Bis zum Folgetag, dem 12.12.2020 um
01 Uhr MEZ hatte sich Tief ZÖLESTINE I am Rande des Tiefdruckgebiets ANDIRA südlich von Island
aufgelöst. Daher wurde der Kern, der ursprünglich als ZÖLESTINE II geführt
wurde, nun wieder nur als ZÖLESTINE bezeichnet und befand sich zwischen Italien
und Albanien. Der Atmosphärendruck betrug im Zentrum fast 1000 hPa. Die Okklusionsfront
der Zyklone verlief vom Kern aus östlich über Albanien und Griechenland und
anschließend im Bogen weiter nach Südwesten bis Libyen. In der westlichen
Türkei und im Osten Griechenlands kam es an dem Tag zu starken, teils
schauerartigen und mit Gewittern verbundenen Niederschlagsereignissen. In der
türkischen Küstenregion Kusadasi wurden bis 19
Uhr MEZ 12-stündige Niederschlagshöhen von 53 mm verzeichnet. Bis 01 Uhr MEZ
des Folgetages fielen in Mugla innerhalb von 6 Stunden 52 mm Regen.

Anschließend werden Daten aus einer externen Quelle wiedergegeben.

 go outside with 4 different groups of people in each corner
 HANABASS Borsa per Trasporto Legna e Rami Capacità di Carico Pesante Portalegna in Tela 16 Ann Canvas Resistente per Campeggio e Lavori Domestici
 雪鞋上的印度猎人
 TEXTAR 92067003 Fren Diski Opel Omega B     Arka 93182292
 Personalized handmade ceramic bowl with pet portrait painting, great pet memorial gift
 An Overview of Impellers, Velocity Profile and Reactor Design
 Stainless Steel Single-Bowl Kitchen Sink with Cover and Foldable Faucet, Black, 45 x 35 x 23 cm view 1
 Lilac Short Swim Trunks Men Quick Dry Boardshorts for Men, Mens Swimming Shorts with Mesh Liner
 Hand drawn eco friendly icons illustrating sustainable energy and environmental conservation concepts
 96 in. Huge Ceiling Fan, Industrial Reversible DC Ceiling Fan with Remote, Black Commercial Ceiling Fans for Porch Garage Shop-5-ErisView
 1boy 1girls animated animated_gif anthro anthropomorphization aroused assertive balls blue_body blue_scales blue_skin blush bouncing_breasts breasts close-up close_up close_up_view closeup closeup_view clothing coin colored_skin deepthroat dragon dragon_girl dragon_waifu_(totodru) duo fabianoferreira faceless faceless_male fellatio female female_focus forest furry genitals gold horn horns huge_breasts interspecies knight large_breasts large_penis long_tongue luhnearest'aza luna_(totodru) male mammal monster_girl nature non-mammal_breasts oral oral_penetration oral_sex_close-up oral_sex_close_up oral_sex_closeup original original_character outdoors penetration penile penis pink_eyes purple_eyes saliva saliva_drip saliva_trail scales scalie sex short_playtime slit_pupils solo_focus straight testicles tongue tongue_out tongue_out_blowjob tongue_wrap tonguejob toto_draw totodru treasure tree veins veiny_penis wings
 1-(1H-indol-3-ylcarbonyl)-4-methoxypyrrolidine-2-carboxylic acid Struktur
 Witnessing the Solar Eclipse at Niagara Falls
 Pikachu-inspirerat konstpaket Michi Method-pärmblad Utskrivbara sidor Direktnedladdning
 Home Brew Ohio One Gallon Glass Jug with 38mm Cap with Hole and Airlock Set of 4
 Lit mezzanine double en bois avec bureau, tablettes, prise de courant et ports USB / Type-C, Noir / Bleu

Am 13.12.2020 um 01 Uhr MEZ befand
sich Tief ZÖLESTINE an der rumänischen Küste. Der Bodendruck betrug noch knapp
1005 hPa. Vom Kern aus erstreckte sich die Warmfront nach Osten über das
Schwarze Meer, die Kaltfront verlief nach Südwesten und mündete südwestlich von
Griechenland in die Warmfront von ANDIRA III, dessen Kern sich bei Sizilien
befand. Am Vormittag sorgte das Tief in der westlichen Türkei für größere
Niederschlagsmengen, Höchstwerte gab es in Antalya
mit 54 mm Niederschlag bis 13 Uhr innerhalb von 6 Stunden.
Bis zum nächsten Tag lösten sich die
letzten Reste von Tief ZÖLESTINE komplett auf. Somit wurde die Zyklone
anschließend nicht weiter namentlich auf der Berliner Wetterkarte verzeichnet.